In the original description, Powell described the species as follows:

Shell small, solid, globular, smooth. Spire depressed, about one-fourth the height of the aperture. Whorls four, including a typical paucispiral protoconch of one whorl. Suture abutting and somewhat impressed; axial growth lines fairly prominent for a short distance below the suture. Umbilicus small, not deep. Parietal callus narrow, widest above, with a small semi-circular gap in it at the umbilicus, and very much thickened on the lower section of the columella and around the basal part of the aperture.

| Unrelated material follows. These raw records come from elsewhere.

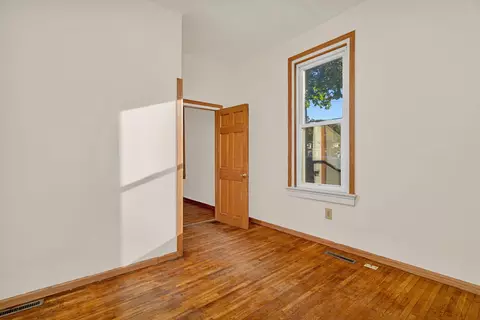 Bedroom - 627 E Washington St, Morris, IL 60450 photo 1 of 3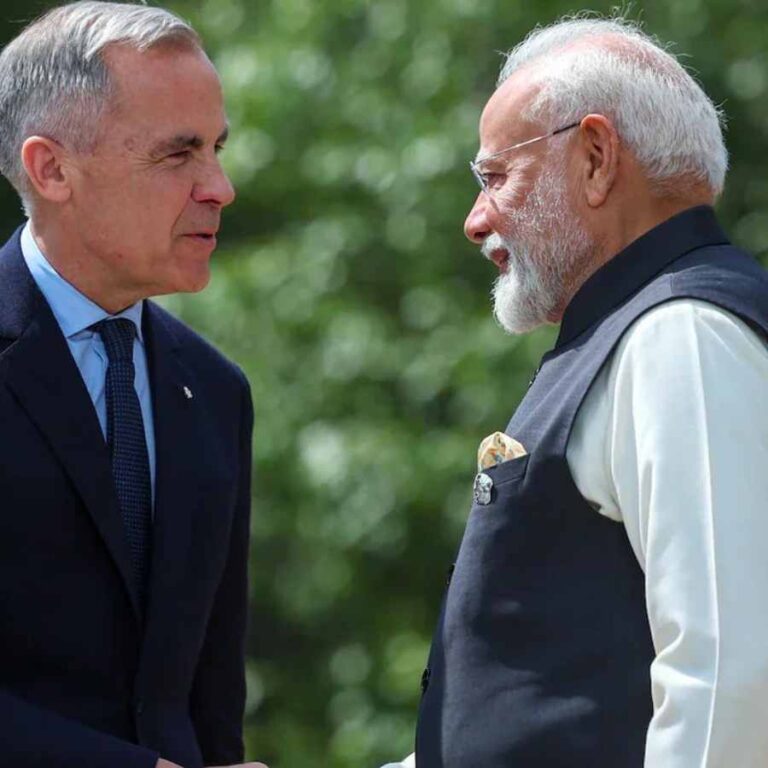 1750215574_modi-curney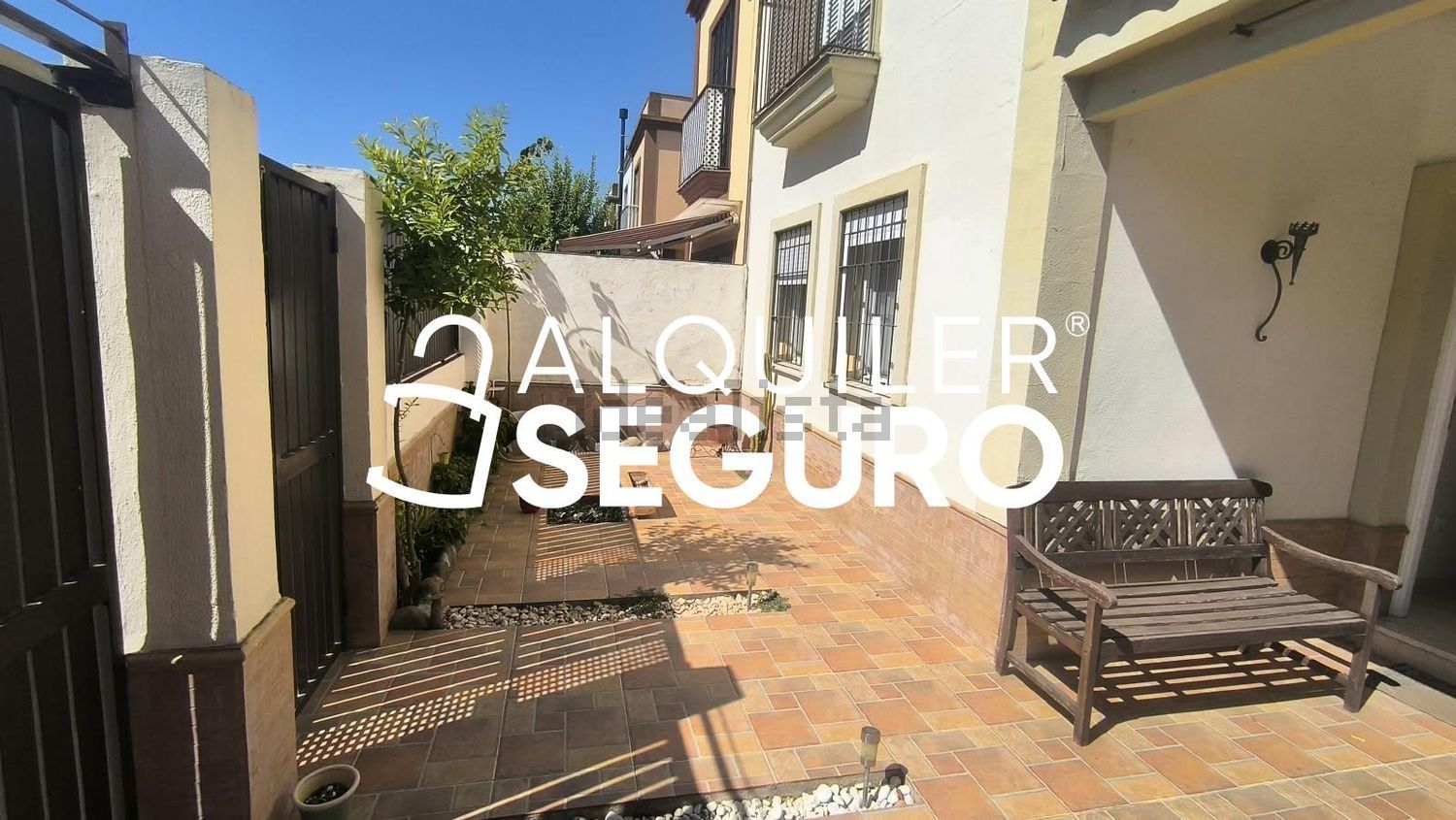 Casa de 136 m² en Palomares del Río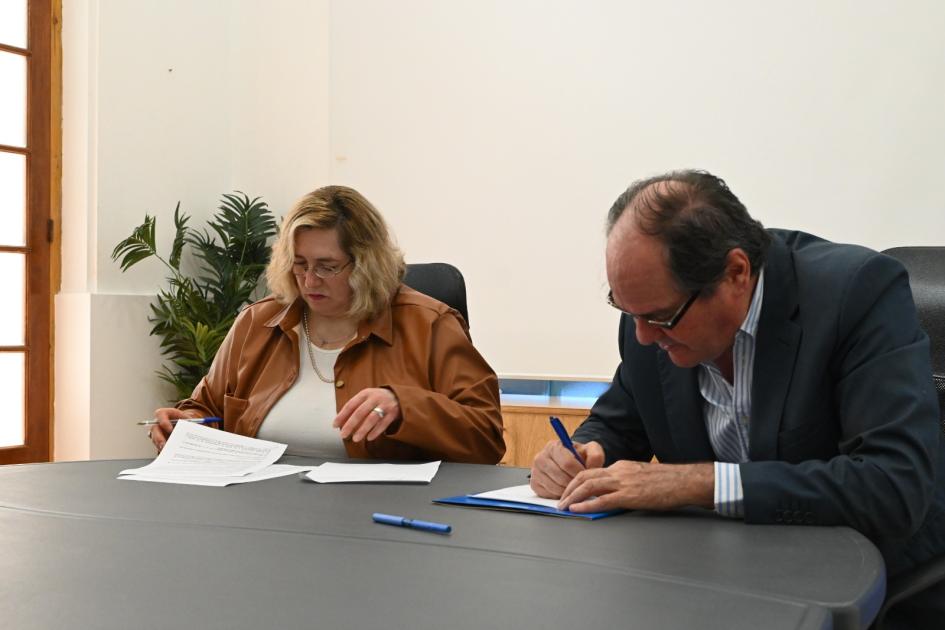 Autoridades DGES y DICYT firman convenio Autoridades DGES y DICYT firman convenio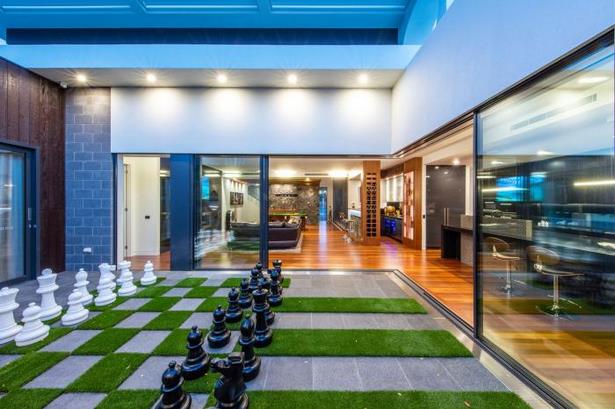 Landschaftsbau Ideen für große Hinterhöfe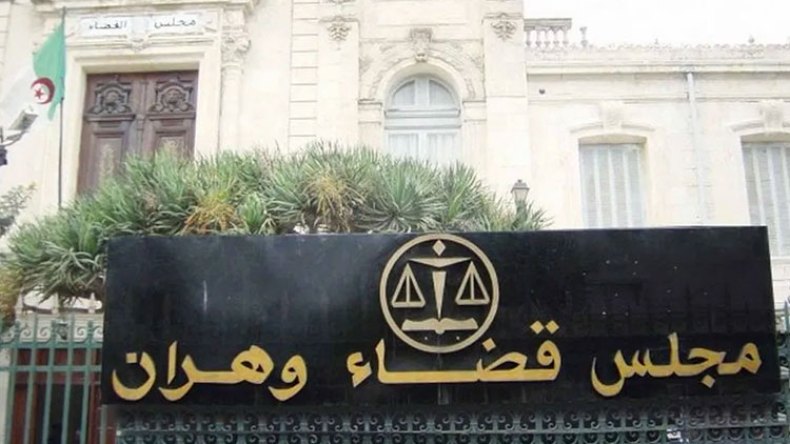 بارون مخدرات متهم بالإشادة بالإرهاب في وهران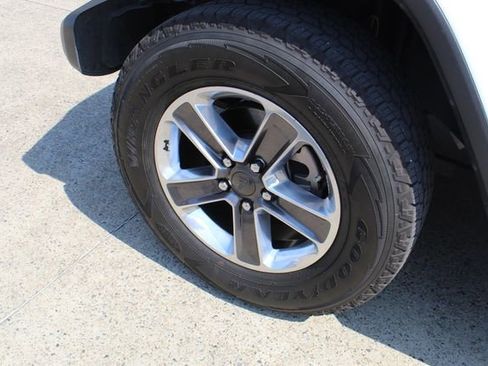 Used 2022 Jeep Wrangler Unlimited Sahara w/ Cold Weather Group image 3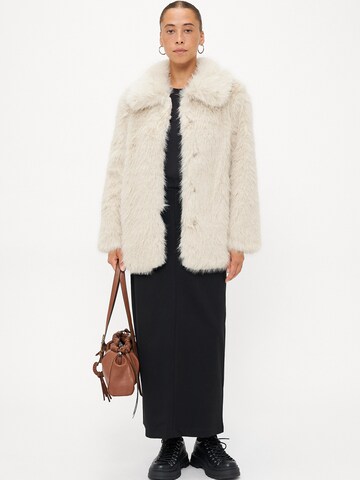Vero Moda Petite Tussenjas 'VMGLORIA' in Beige
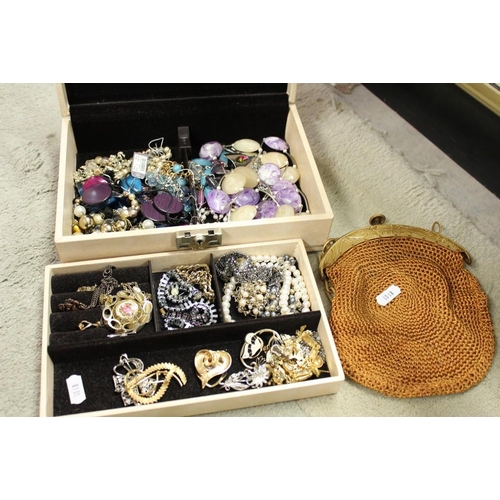 2694 - Box of Assorted Costume Jewellery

The holotype of the species measures 6.5 mm in length and has a diameter of 6.5 mm. The species can be differentiated from other members of Uberella due to having a very large lower columella and basal lip, and due to the semi-circular gap in the species' callus above its small umbilicus.

==Taxonomy==

The species was first described by A. W. B. Powell in 1935, who named the species after New Zealand palaeontologist John Marwick. The holotype was collected at an unknown date prior to 1935 from fallen rocks at the southern end of Maukatia Bay, south of Muriwai, Auckland Region (then more commonly known as Motutara), and is held in the collections of Auckland War Memorial Museum.

==Distribution==

This extinct marine species occurs in early Miocene strata of the Nihotupu Formation of New Zealand, on the west coast of the Waitākere Ranges of the Auckland Region, New Zealand.